# WHAT YOU NEED TO DO
In the listing that follows, find the line with "MO license plate HH0B0X", then copy exactly from it through the line with "JPG 스튜디오촬영 편집이미지", leaving out every picture.

# RECORDS PROVIDED
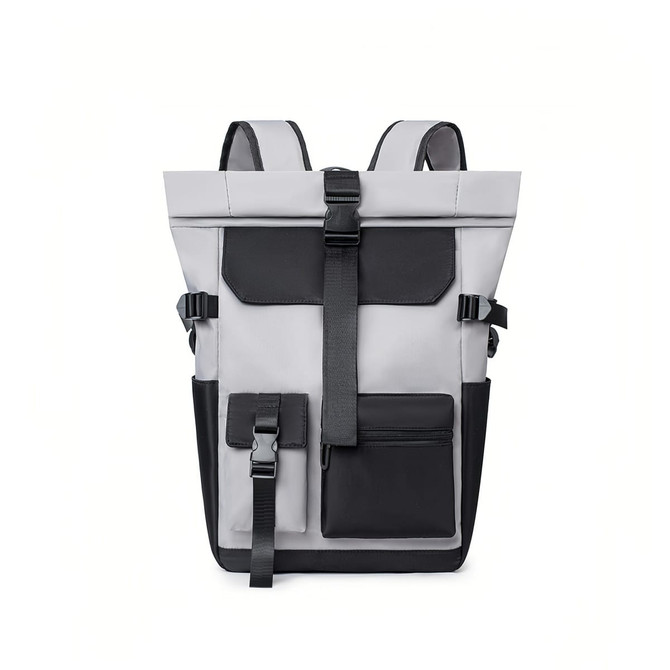 A grey and black multi-pocket roll top backpack with adjustable straps and various zipper compartments.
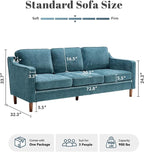 Kingfun 80" Chenille Sofa, 3 Seater Couch, Mid Century Modern Couches with Solid Wood Legs for Living Room & Bedroom, Water Green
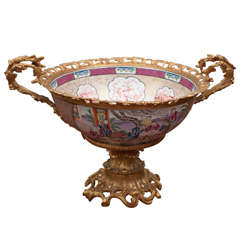 19th Century Gilt Bronze Mounted Chinese Mandarin Porcelain Bowl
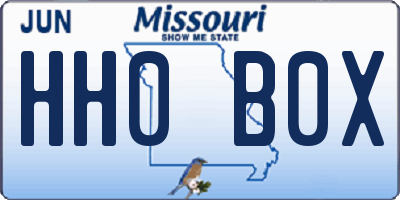 MO license plate HH0B0X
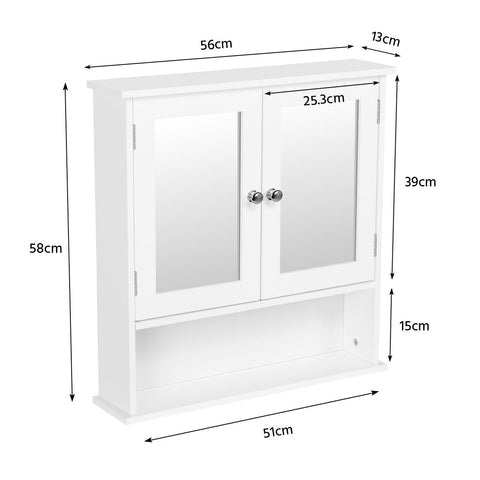 Yaheetech Bathroom Mirror Cabinet, 2 Doors & Open Shelf, White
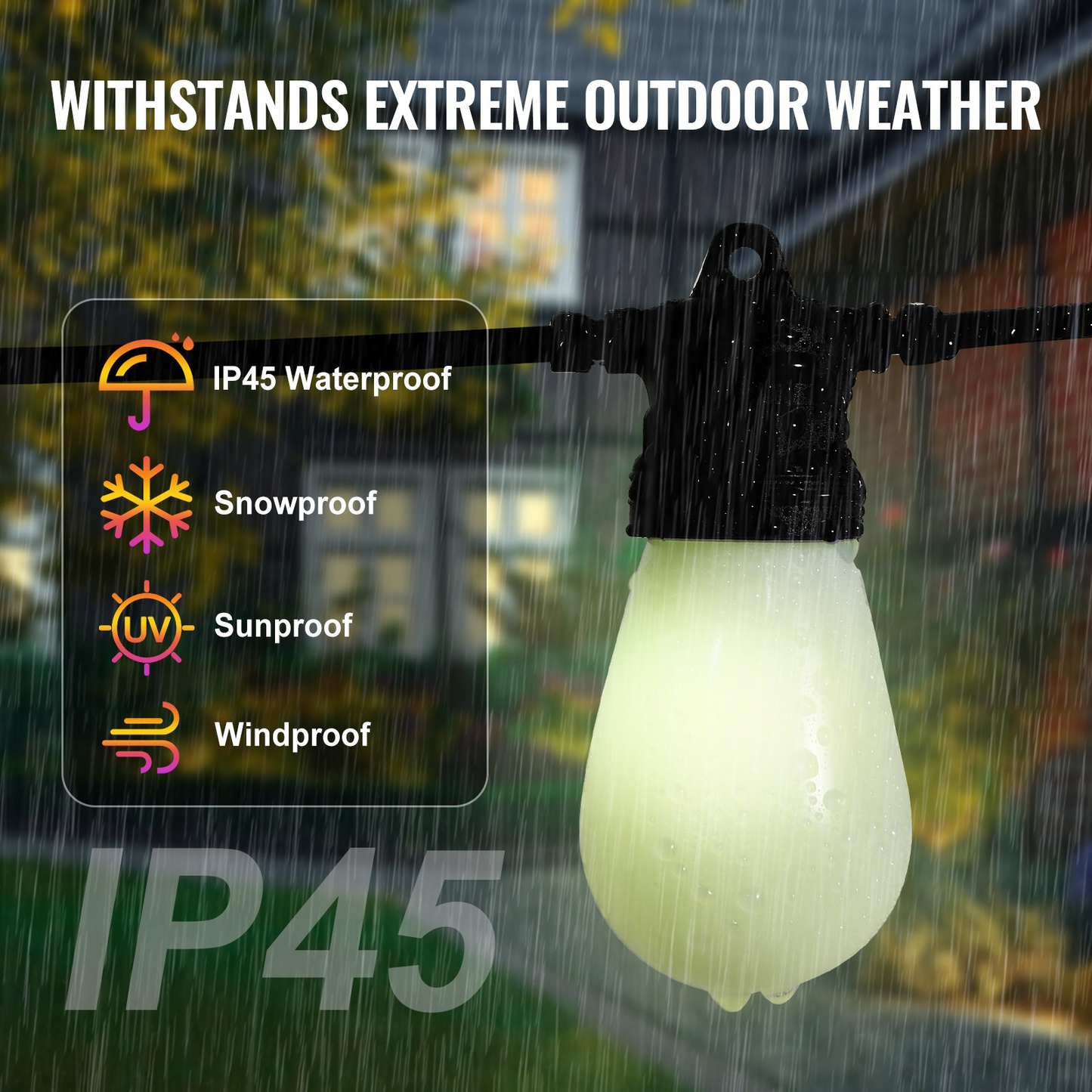 50FT RGB Outdoor String Lights - Waterproof Patio Lights with APP Control for Garden, Backyard, Party, and Holiday Decorations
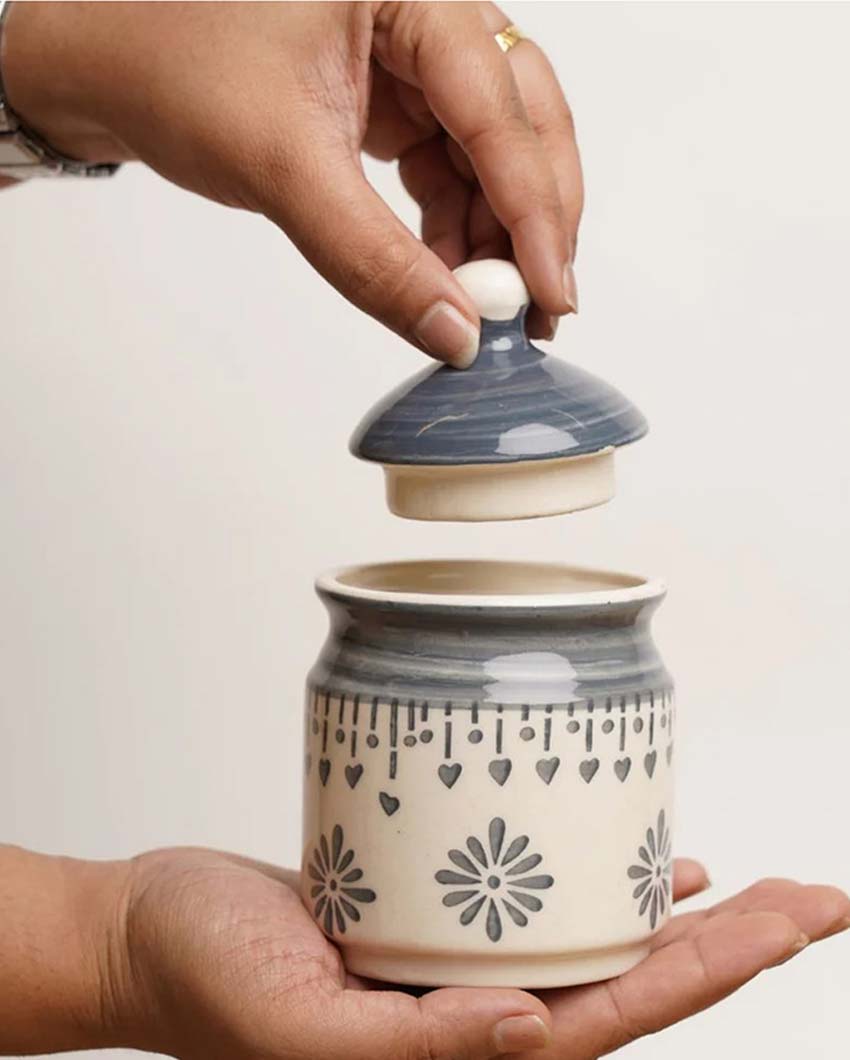 Multipurpose Ceramic Storage Jars and Lid with Trays Set | 3 Pc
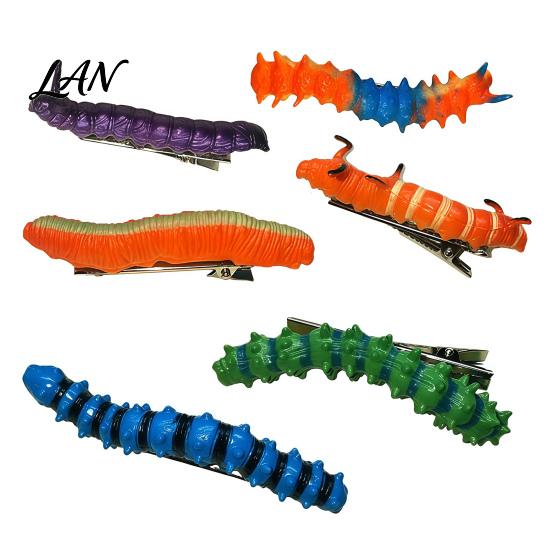 Lifelike Insect Hair Pins Halloween Caterpillar Clips, Hand Painted Reptile Clip Headpiece, Fashionable Clips for Daily Use Spooky Party Accessories,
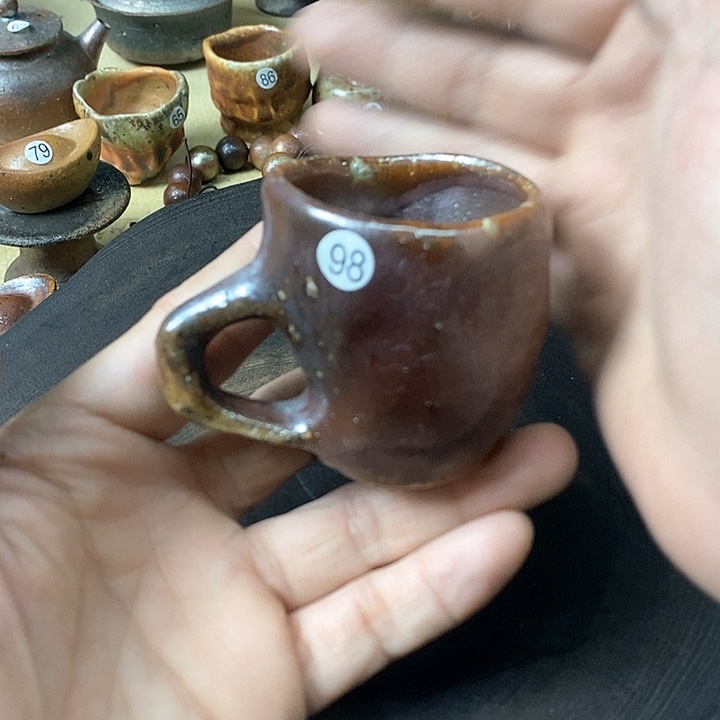 杯手工粗陶、柴烧茶器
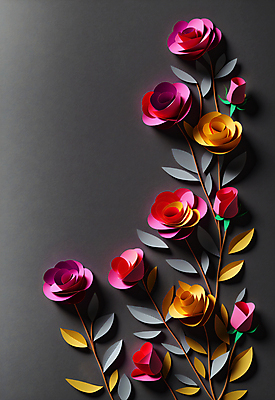 JPG 스튜디오촬영 편집이미지 꽃 종이 잎 사람없음 장미 회색 페이퍼아트 조화 편집실사 AI포토 AI콘텐츠 식물 컬러 실내 CG 파일형식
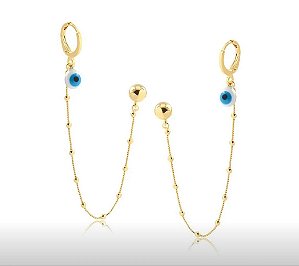 Brinco Piercing Com Corrente Bolinhas E Olho Grego Folheado A Ouro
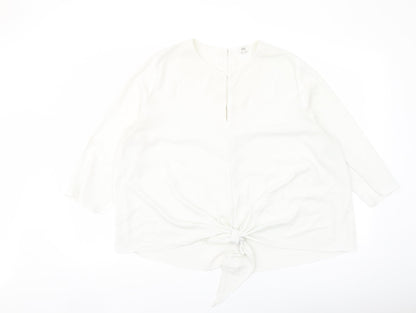 River Island Womens White Polyester Basic Blouse Size 16 Round Neck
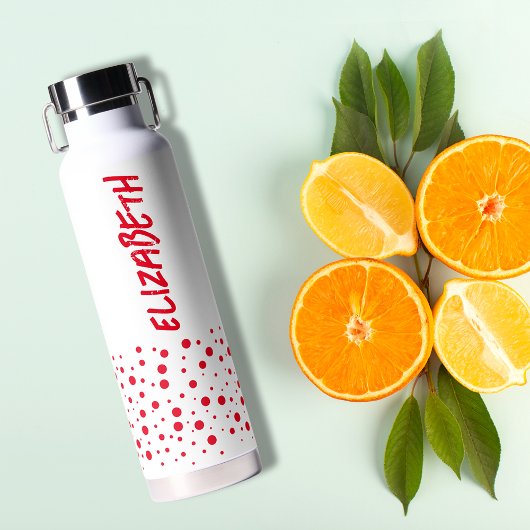 モダン赤と白水玉模様 ウォーターボトル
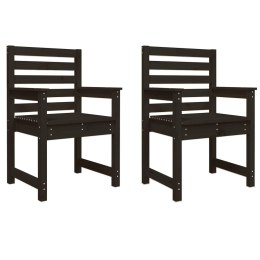Krzesła ogrodowe, 2 szt., czarne, 60x48x91 cm, lita sosna Lumarko!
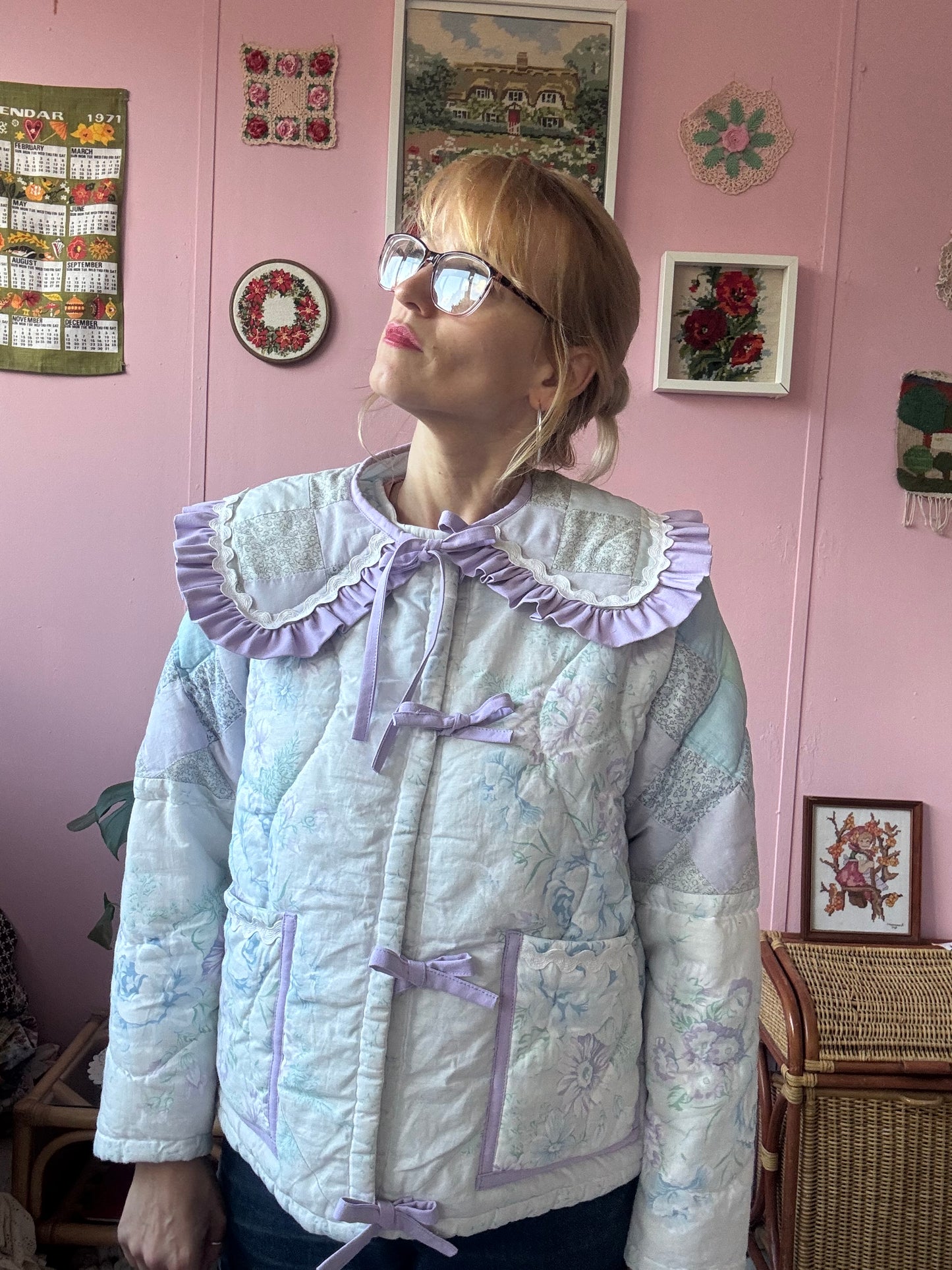 Light pastel patchwork jacket with lilac trims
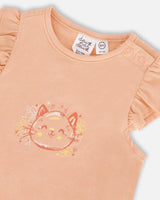 Organic Cotton Top And Bloomers Set Peach Rose With Printed Heart | Deux par Deux | Jenni Kidz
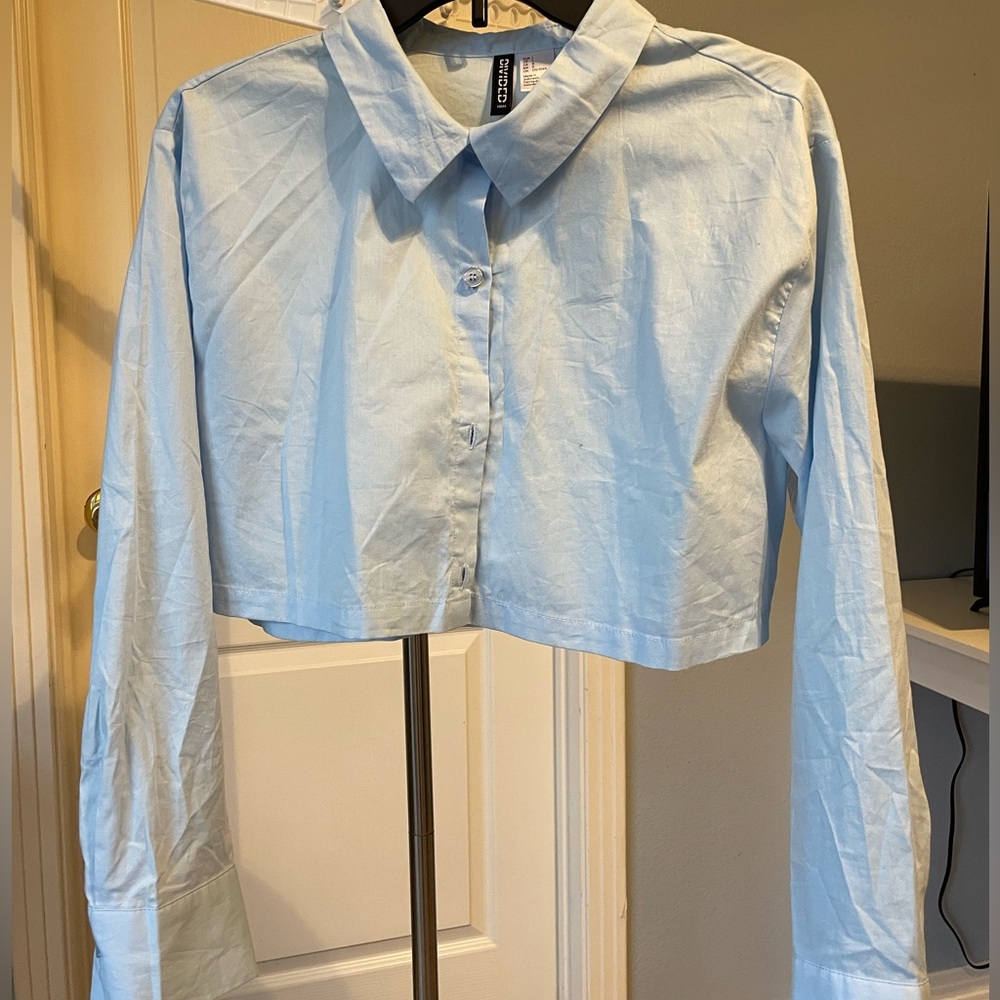 Light Blue Collared Button Up Crop Top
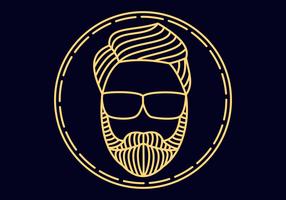 Man beard monoline vector illustration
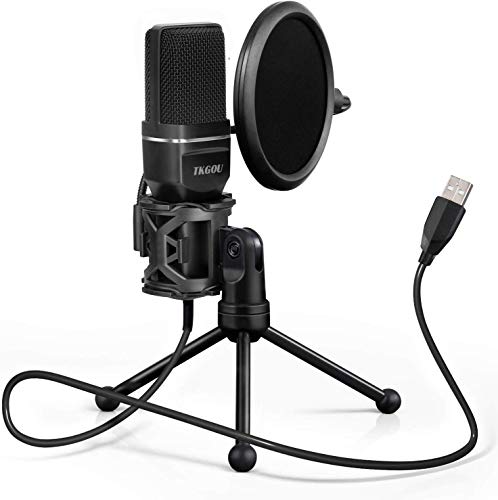 Product Cover USB Microphone for Computer - Plug &Play Computer Microphone - Metal Condenser Recording Microphone with Pop Filter for Skype, Recordings for YouTube, Google Voice Search, Games (Windows/Mac)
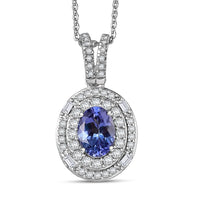 D'Joy Premium Tanzanite and Moissanite 1.35 ctw Pendant Necklace in Rhodium Over Sterling Silver 20 Inches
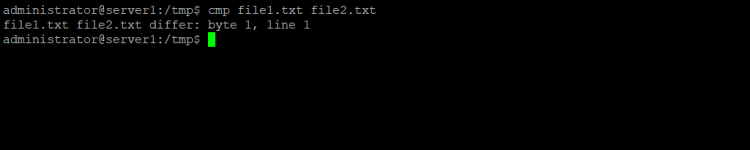 Comparar dois arquivos no Linux com o comando cmp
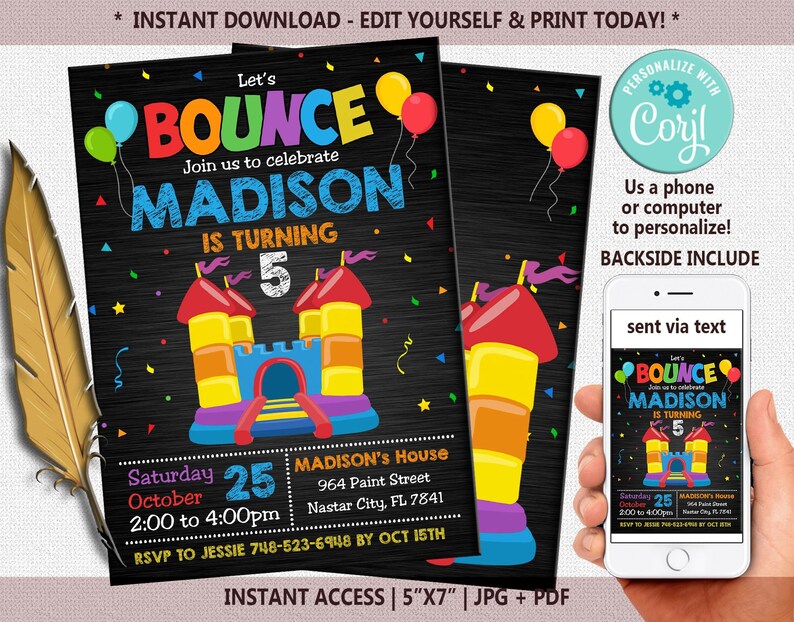 Bounce House Birthday Invitation Bounce House Invitation Etsy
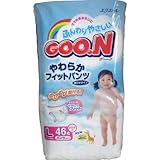 グーン やわらかフィットパンツ Lサイズ 女の子(46枚入)　ケース販売３個入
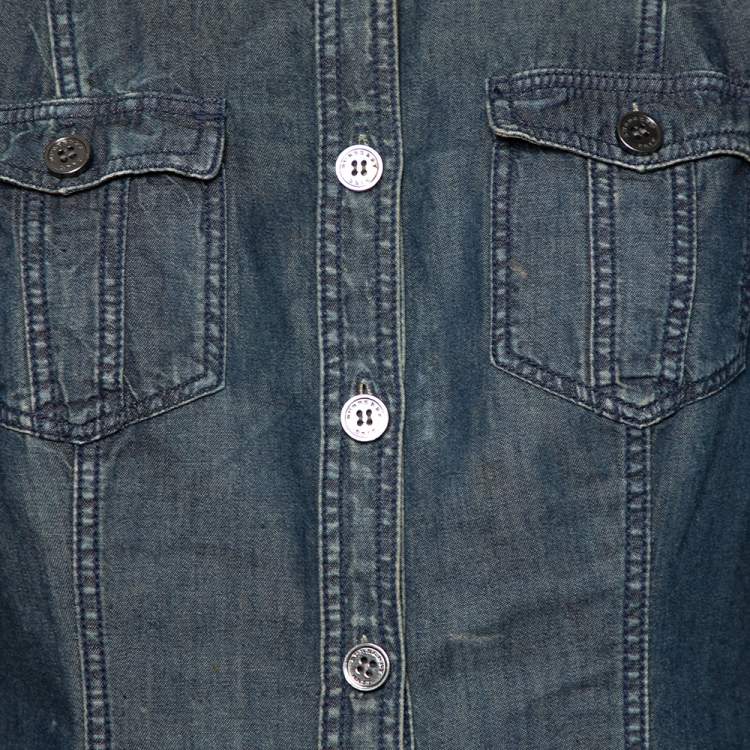 Pre Owned Burberry Brit Navy Blue Lightweight Denim Button Front Shirt M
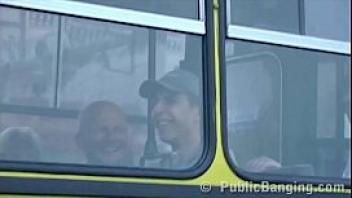 Risky public bus couple sex in front of the passengers in the middle of a day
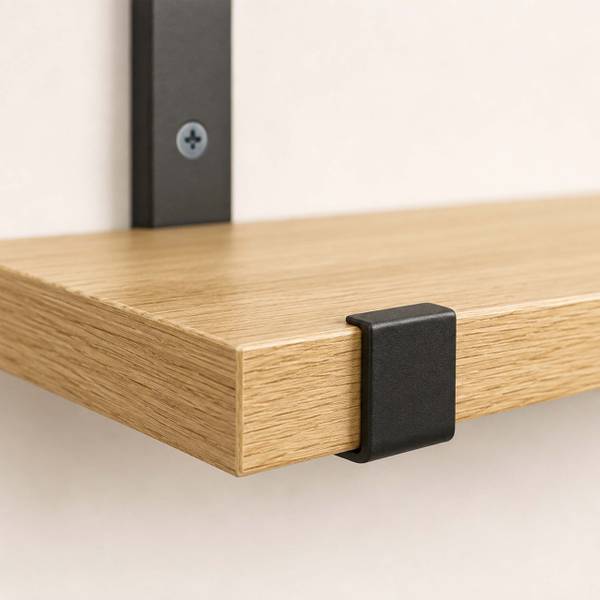 Wandregal 3-tlg. Set Schwarz - Braun - Eisen - 40 x 15 x 15 cm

# TASK RESULT
 MO license plate HH0B0X
 Yaheetech Bathroom Mirror Cabinet, 2 Doors & Open Shelf, White
 50FT RGB Outdoor String Lights - Waterproof Patio Lights with APP Control for Garden, Backyard, Party, and Holiday Decorations
 Multipurpose Ceramic Storage Jars and Lid with Trays Set | 3 Pc
 Lifelike Insect Hair Pins Halloween Caterpillar Clips, Hand Painted Reptile Clip Headpiece, Fashionable Clips for Daily Use Spooky Party Accessories,
 杯手工粗陶、柴烧茶器
 JPG 스튜디오촬영 편집이미지 꽃 종이 잎 사람없음 장미 회색 페이퍼아트 조화 편집실사 AI포토 AI콘텐츠 식물 컬러 실내 CG 파일형식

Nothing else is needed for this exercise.